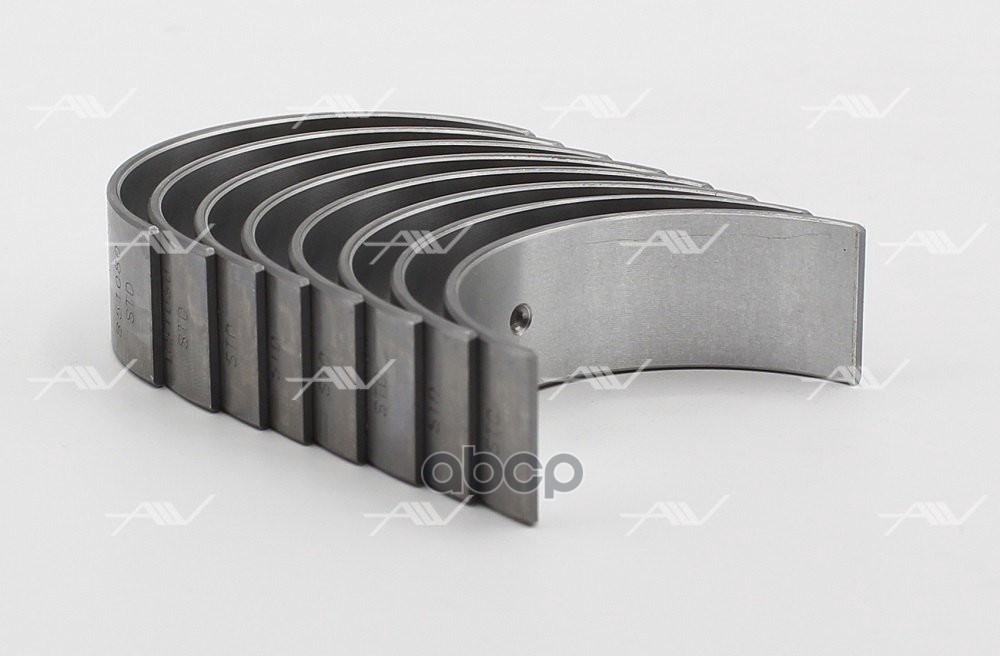 BE-51081 вкладыши шатунные 0.25 AUDI/SKODA/VW 1.4i 16V/1.6i 16V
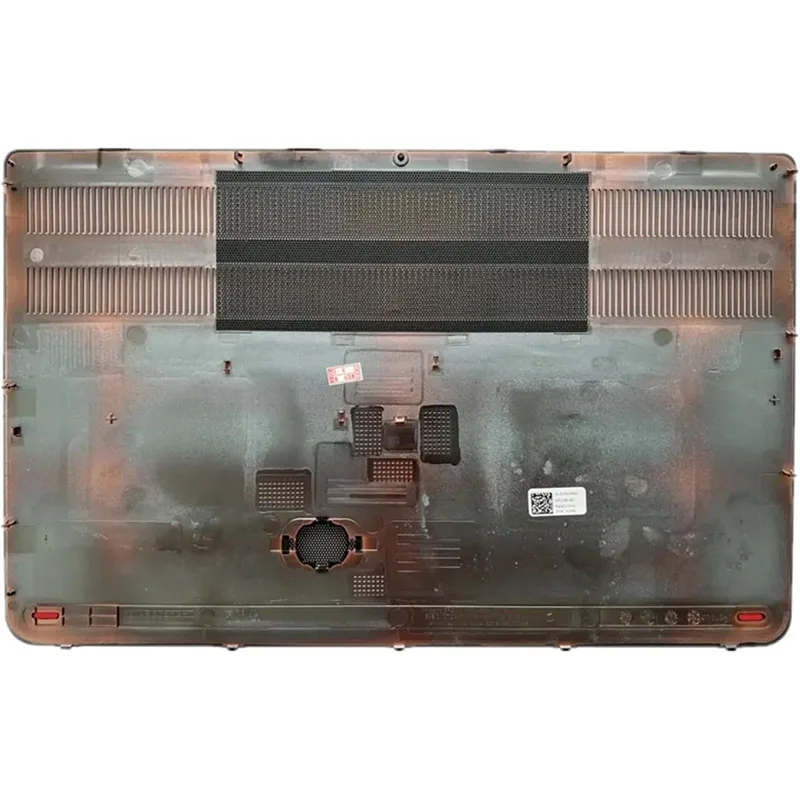 Replacement Palmrest Upper Bottom Case Cover for Dell Inspiron 15 7000 7557 7559 5577 5576 0T9X28 08FGMW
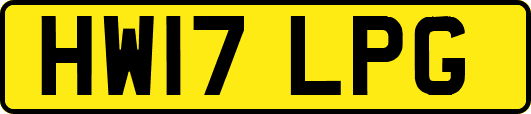 HW17LPG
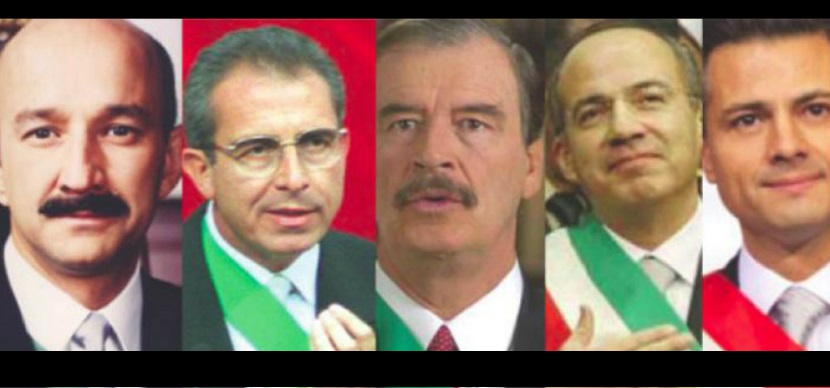 Ex presidente mexicano a la cárcel por corrupción, predice vidente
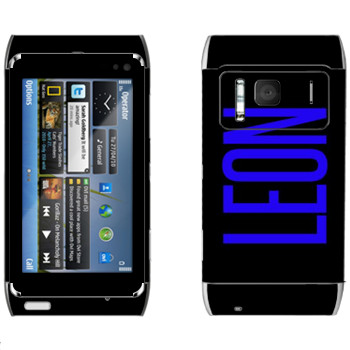   «Leon»   Nokia N8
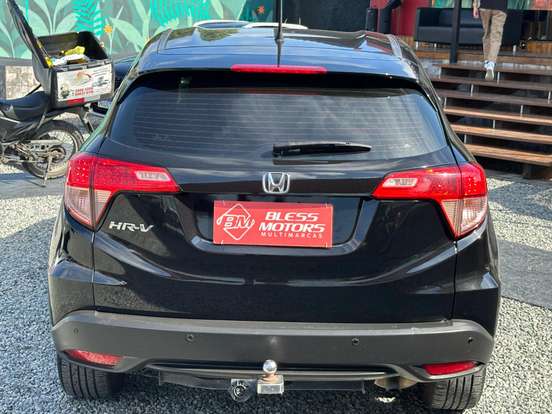 HONDA-HR-V-1.8 16V FLEX LX 4P MANUAL HONDA-HR-V-2016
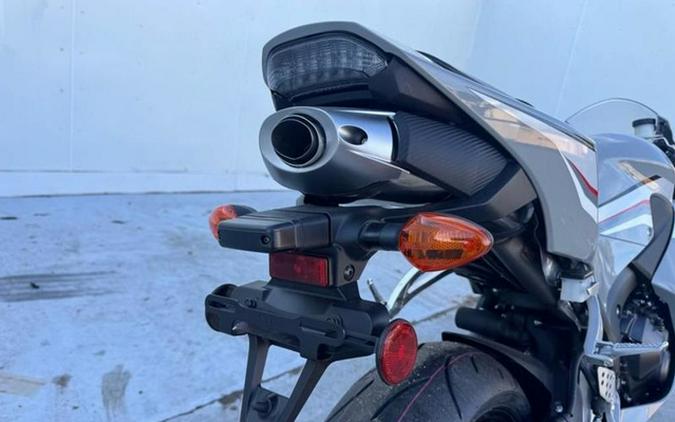 2026 Honda CBR600RR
+ + + + +
* WHAT IS REQUIRED *
Transcribe the full listing above exactly as it stands, minus the pictures.

* WRITTEN RESPONSE *
 BE-51081 вкладыши шатунные 0.25 AUDI/SKODA/VW 1.4i 16V/1.6i 16V
 Replacement Palmrest Upper Bottom Case Cover for Dell Inspiron 15 7000 7557 7559 5577 5576 0T9X28 08FGMW
 HW17LPG
 Ex presidente mexicano a la cárcel por corrupción, predice vidente
   «Leon»   Nokia N8
 HONDA-HR-V-1.8 16V FLEX LX 4P MANUAL HONDA-HR-V-2016
 2026 Honda CBR600RR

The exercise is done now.